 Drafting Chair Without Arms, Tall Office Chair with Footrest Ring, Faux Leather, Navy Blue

++++

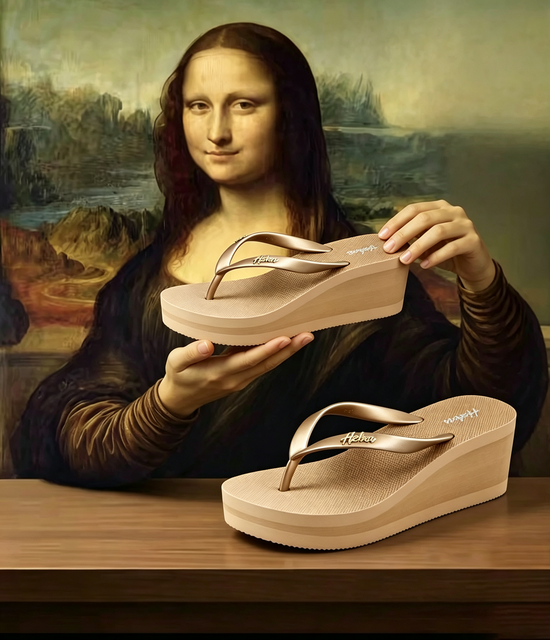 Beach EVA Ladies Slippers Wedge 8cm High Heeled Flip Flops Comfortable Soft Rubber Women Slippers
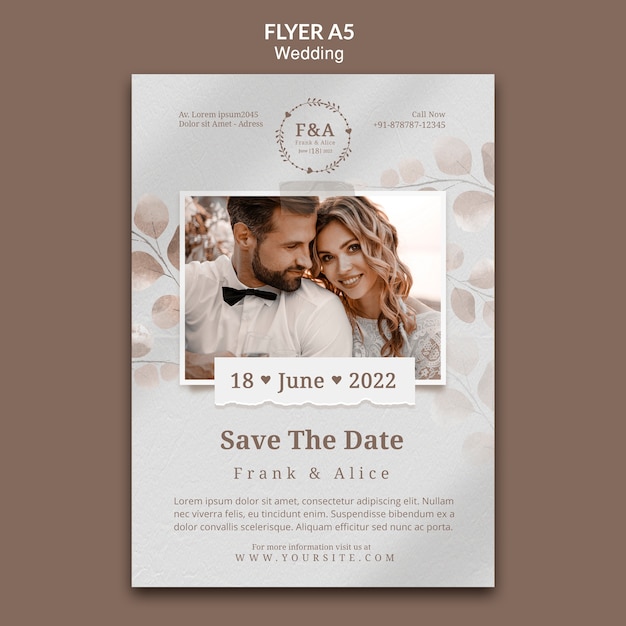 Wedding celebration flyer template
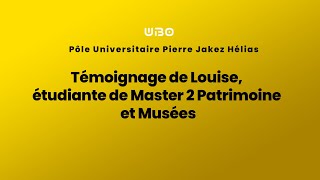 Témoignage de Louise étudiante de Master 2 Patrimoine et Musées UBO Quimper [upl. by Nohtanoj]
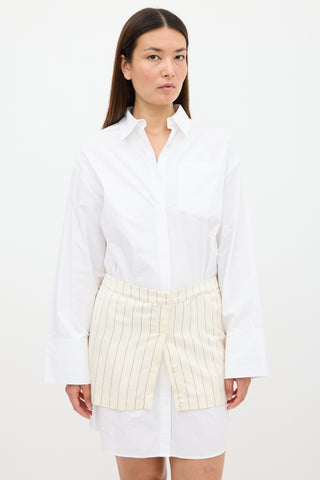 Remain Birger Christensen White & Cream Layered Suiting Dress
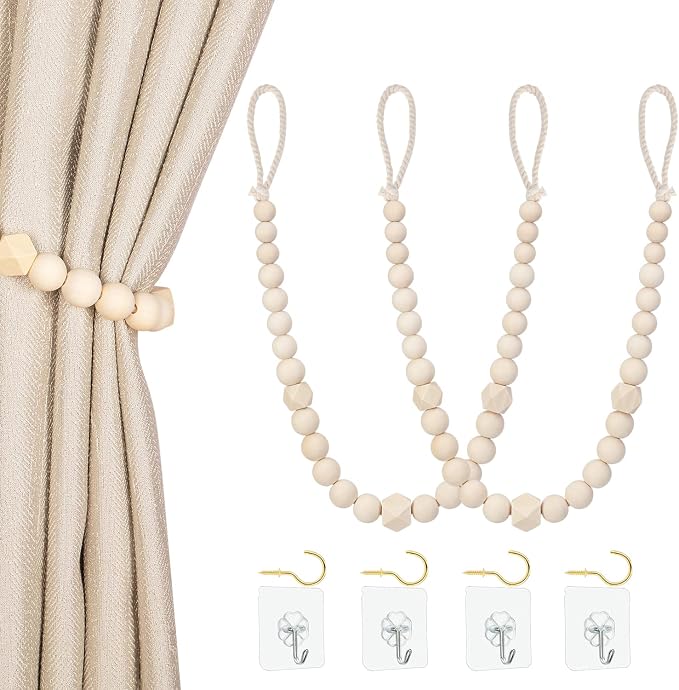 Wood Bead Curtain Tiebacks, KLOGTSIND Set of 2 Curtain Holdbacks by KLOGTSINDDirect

++++

• WHAT YOU HAVE TO DO: For this exercise, set down the lines in the entries above from the one with "Beach EVA Ladies" through the one with "Témoignage de Louise" exactly as written, without any pictures.

• WRITTEN ANSWER:
 Beach EVA Ladies Slippers Wedge 8cm High Heeled Flip Flops Comfortable Soft Rubber Women Slippers
 Wedding celebration flyer template
 Témoignage de Louise étudiante de Master 2 Patrimoine et Musées UBO Quimper [upl. by Nohtanoj]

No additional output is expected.